Data shown »
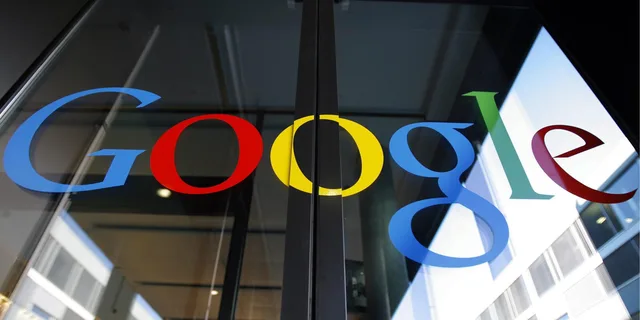 Logo-ul Google pe ușa unei clădiri moderne, simbolizând inovația tehnologică.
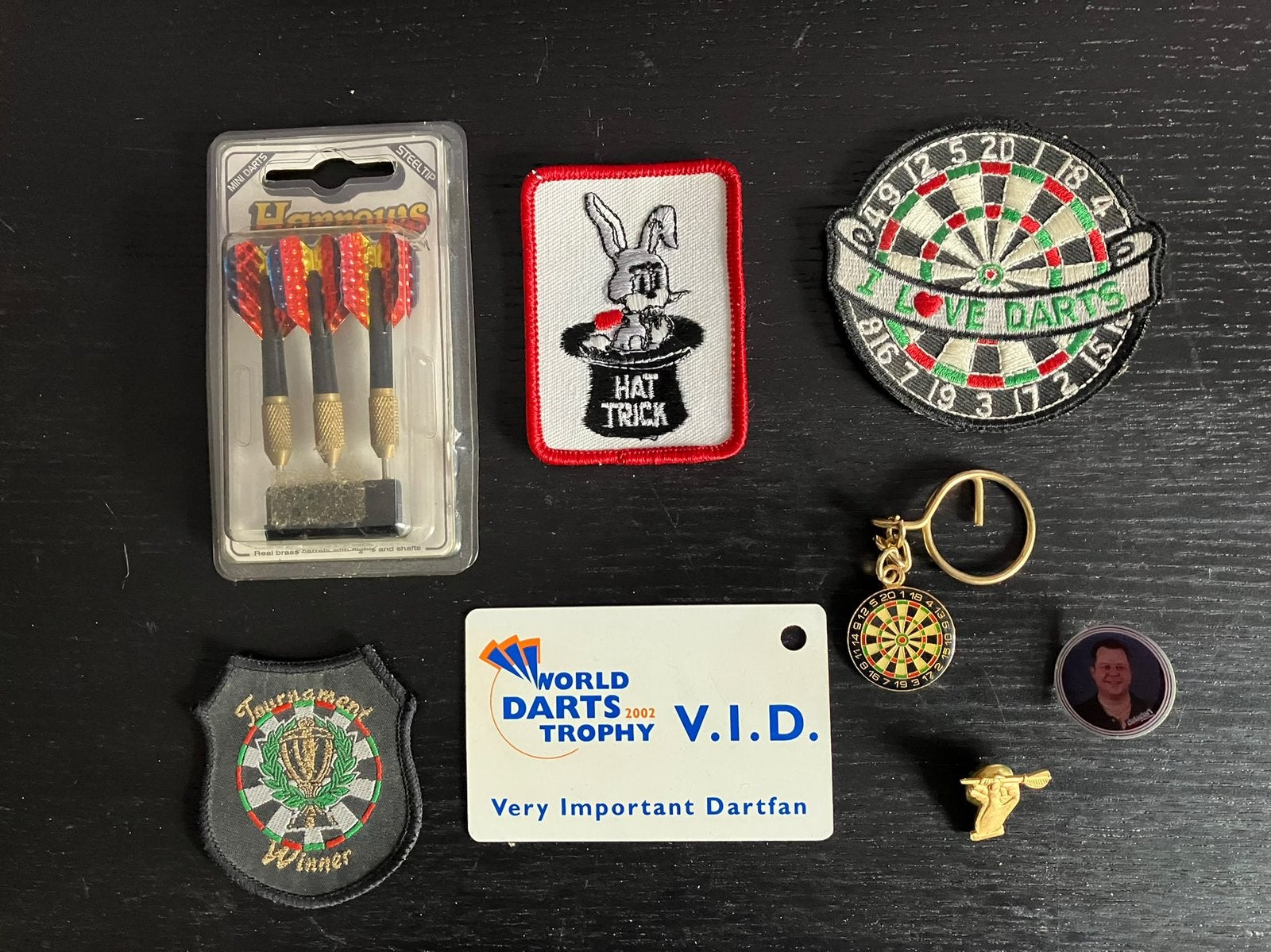8 leuke dart items, Ophalen of Verzenden, Zo goed als nieuw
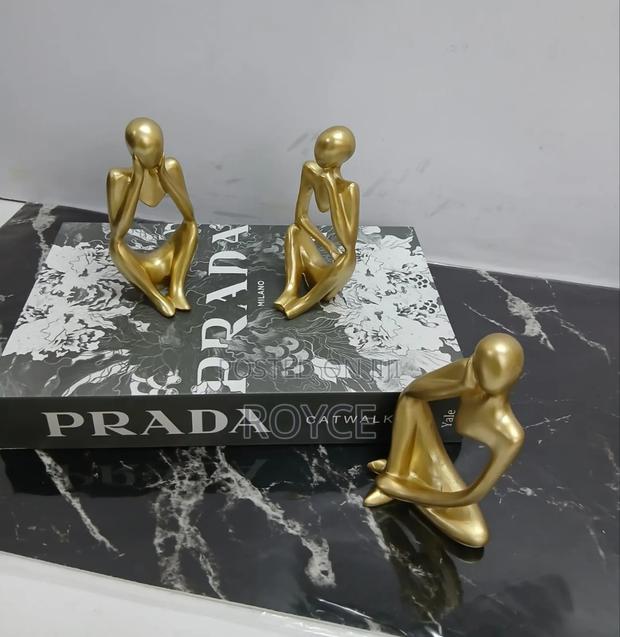 Golden Thinker Statue Deco -12cm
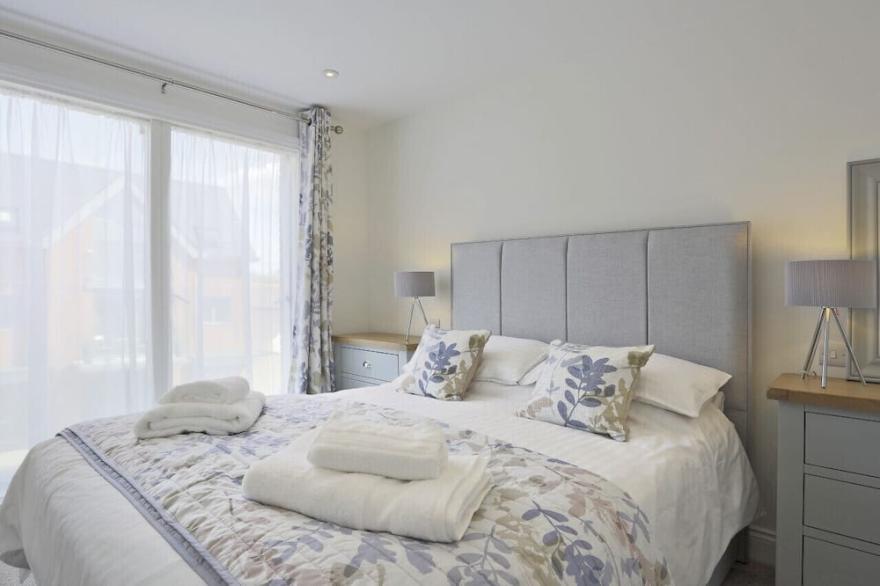 Ons Huis - Two Bedroom House, Sleeps 4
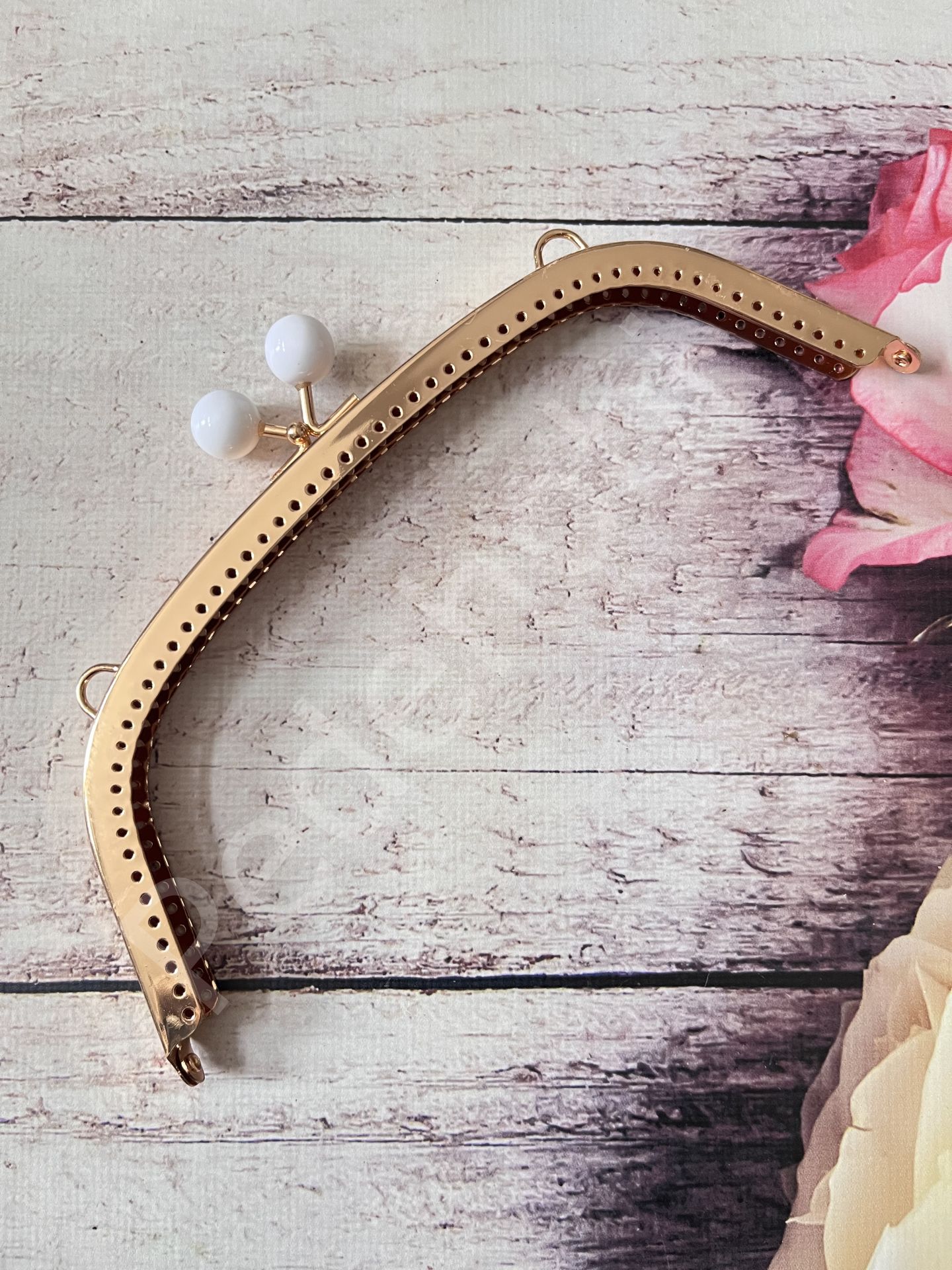 BEYAZ BONCUKLU METAL ÇANTA KLİPSİ 22 CM GOLD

Your instructions » If a record holds a picture, leave the picture out and copy the rest exactly.

Task output »
 Logo-ul Google pe ușa unei clădiri moderne, simbolizând inovația tehnologică.
8 leuke dart items, Ophalen of Verzenden, Zo goed als nieuw
 Golden Thinker Statue Deco -12cm
 Ons Huis - Two Bedroom House, Sleeps 4
 BEYAZ BONCUKLU METAL ÇANTA KLİPSİ 22 CM GOLD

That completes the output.